甲子園球場のにぎわう阪神タイガース公式グッズ売り場
他の関西球団との比較:南海の衰退と阪急の不人気
1950年代、読売ジャイアンツの最大のライバルと目されたのは、間違いなく南海ホークスでした。両球団は日本シリーズで幾度となく激闘を繰り広げ、1959年を除き、常に読売が勝利を収めていました。結局、読売の名声を高める「二番手」の役割は、南海が担っていたと言えるでしょう。
しかし、1960年代後半になると、南海ホークスは戦力を低下させ、日本シリーズで読売と対決することが難しくなりました。代わってパ・リーグで台頭したのは、同じ関西の阪急ブレーブスです。当時の阪急もまた、読売ジャイアンツの9連覇の壁を打ち破ることはできず、日本一を決める舞台では、ジャイアンツに苦汁をなめさせられ続けました。

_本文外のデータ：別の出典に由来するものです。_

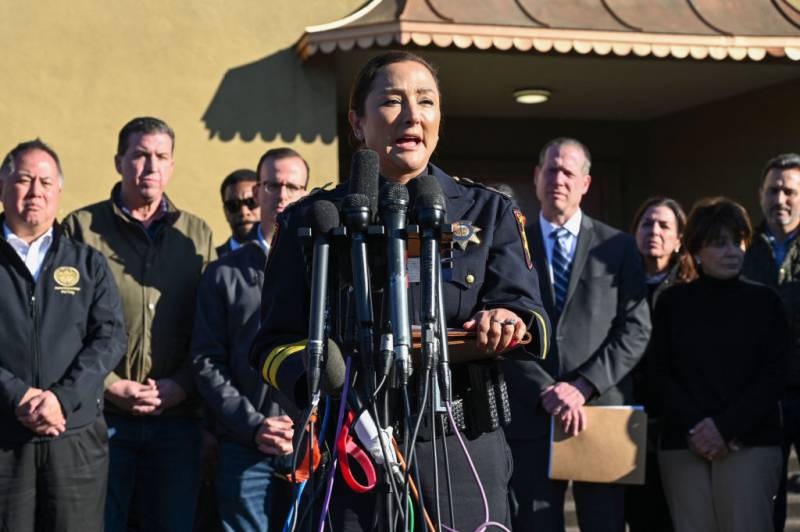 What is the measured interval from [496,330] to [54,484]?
10.2ft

対読売という日本シリーズでの役割は、南海から阪急へと引き継がれました。読売に退けられるというポジションまで、同じ関西の球団として継承されたのです。しかし、だからと言って、阪急の人気が高まることはありませんでした。本拠地である西宮球場(阪急西宮スタジアム)で開催されるリーグ戦には、相変わらず観客が集まらない状況が続いていたのです。この対照的な状況は、阪神タイガースが単に「対読売」という役割だけでなく、地域への強い結びつきや、サンテレビによるきめ細やかな中継などの複合的な要因によって、関西における特別な地位を築き上げたことを示唆しています。阪神は、その歴史の中で、関西人のアイデンティティの一部として深く根付いていったのです。
結論
阪神タイガースが関西でこれほどまでに熱狂的に愛されるのは、単にセ・リーグでの成績や、他球団との競争だけが理由ではありません。1960年代以降、サンテレビの地元密着型の中継がファン層を拡大し、長年にわたる読売ジャイアンツとの対立構造の中で「アンチ巨人」という独自のアイデンティティを確立しました。この「万年2位」の歴史が、かえって阪神を単なるプロ野球チームではなく、関西人の誇りや反骨精神を体現する存在へと昇華させたのです。南海や阪急といった他の関西球団が果たせなかった、地域と一体となる深い絆を阪神は築き上げ、今日までその強力なファンベースを維持し続けています。阪神タイガースの人気は、日本のプロ野球文化、特に地域社会とスポーツが織りなす独特な関係性を象徴していると言えるでしょう。